• Validity
Apart from the consistency of measurement which is the reliability, the test
should test on what it is intended to test and this is dealing with the issue of validity.
Validity plays a crucial role in the quality of the test. The test is valid if it measures what it is to be measured in accordance with its purpose. Validity can be considered in various types; the three main categories are focused in this test review which are face validity, construct validity and content validity.
Face validity is the perception by the ordinary people of whether the test is valid and this depends on the degree of acceptance to the test context, contents and tasks regarding the presentation of the target language use. In TOEIC test, the language is in job-related environment. Face validity is subjective judgements and can be influenced through various strategies including effective advertisement and peers’ evaluation. Due to the international popularity with the broad range of the applications including, business, educational institution and government, TOEIC is claimed to pose high face validity (Chauncey Group International, 2002).
Construct validity refers to whether or not the test is actually testing the criteria it claims to test (Cunningham, 2002). Focusing on listening comprehension, the constructs to be measured are the ability to understand the vocabulary and idiom, discriminate the minimal pairs, make inference and extract the main idea from the conversation. The format use in TOEIC is the multiple-choice type that can be measured accurately and objectively. However, this format type has been claimed by many researchers of its negative effect on the issue of validity. Cunningham, 2002 states that “…real-life interaction does not consist of multiple-choice options. The format does not require examinee to demonstrate an ability to use the language; neither are they required to manipulate it.”

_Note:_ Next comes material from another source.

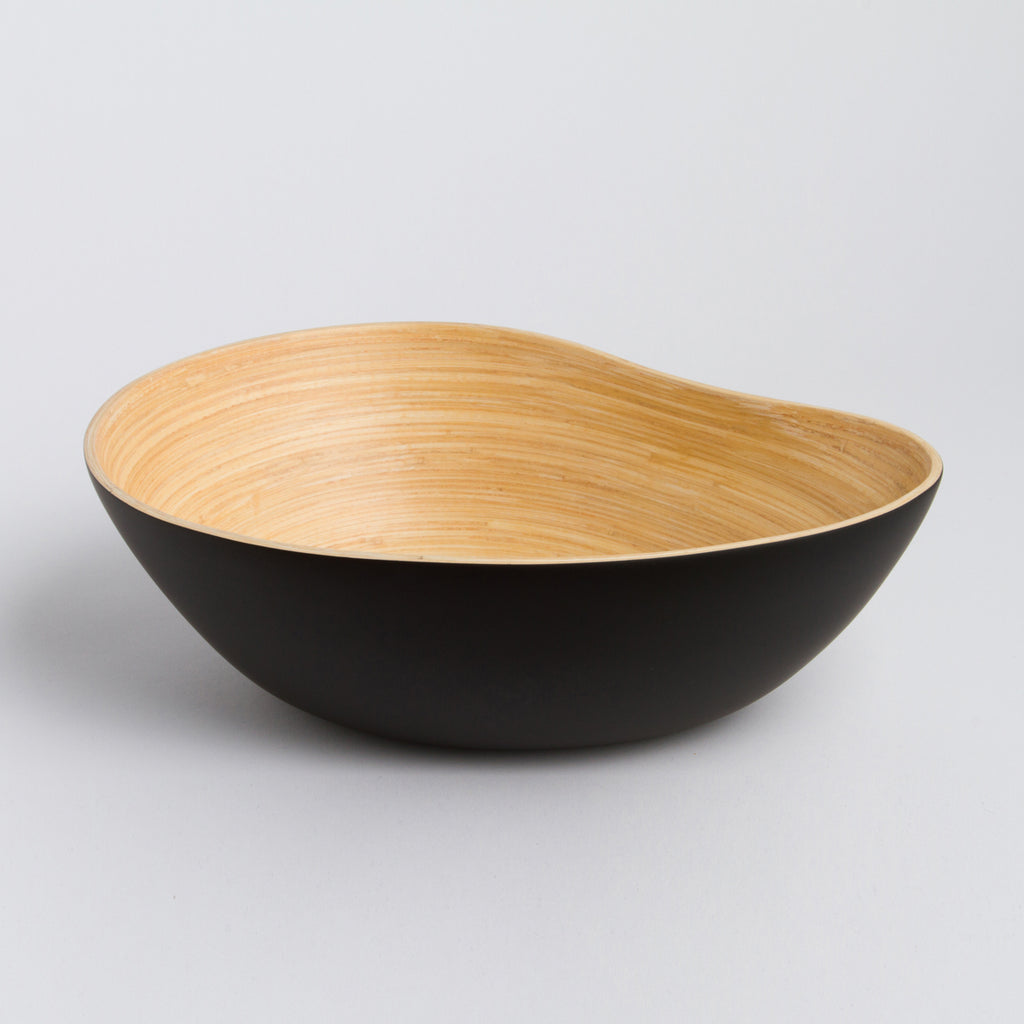 Bamboo Serving Bowl – Handmade Mango Shape Decorative Bowl for Kitchen & Dining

Though poses high reliability in statistical evidence, TOEIC has been widely argued of its validity. With the emphasis on the listening skill, in real world setting people can show their listening ability in different ways. This can be seen in particular constructs which are the ability to make the inference and extract the main idea of the short talk in part four. In order to test this ability, the test takers should understand the talk thoroughly and reflect their understanding without being distracted from the multiple-choice available in the test booklet. The way to reflect the understanding on the focus of the talk or the specific details, people can take note. Note-taking cannot only reflect the ability of the people on the mentioned construct but is also considered as an authentic task used in real world setting. This is considered the limitation of the multiple-choice type that the test takers cannot reflect their actual ability through this format.
Due to the large number of test-takers, multiple-choice type is considered convenient and can be objectively scored. However, its limitation outweighs the convenience and reliability. The test will not be considered valid if it cannot portray the actual ability of the test-takers. Since TOEIC is considered a high-stake standardized test, its effect is tremendous. The issue of validity must therefore be taken into a great consideration in conjunction with washback effect of the test.
Content validity refers to the experts’ judgement on the extent to which a test’s content is proportionally representative of all the construct’s features. In the case of TOEIC, the content is based on the need analysis conducted by the ETS from the corporations around the world. This approach is argued by Moriyoshi that it is not based on validation theory on the presentation of the test language’s features. However, the TOEIC test is viewed as high content validity on the practical standpoint (Moritoshi, 2001 cited in Nall, 2003). Therefore, it is still uncertain whether the content including the topic and the tasks is the representative of the target language use in business domain.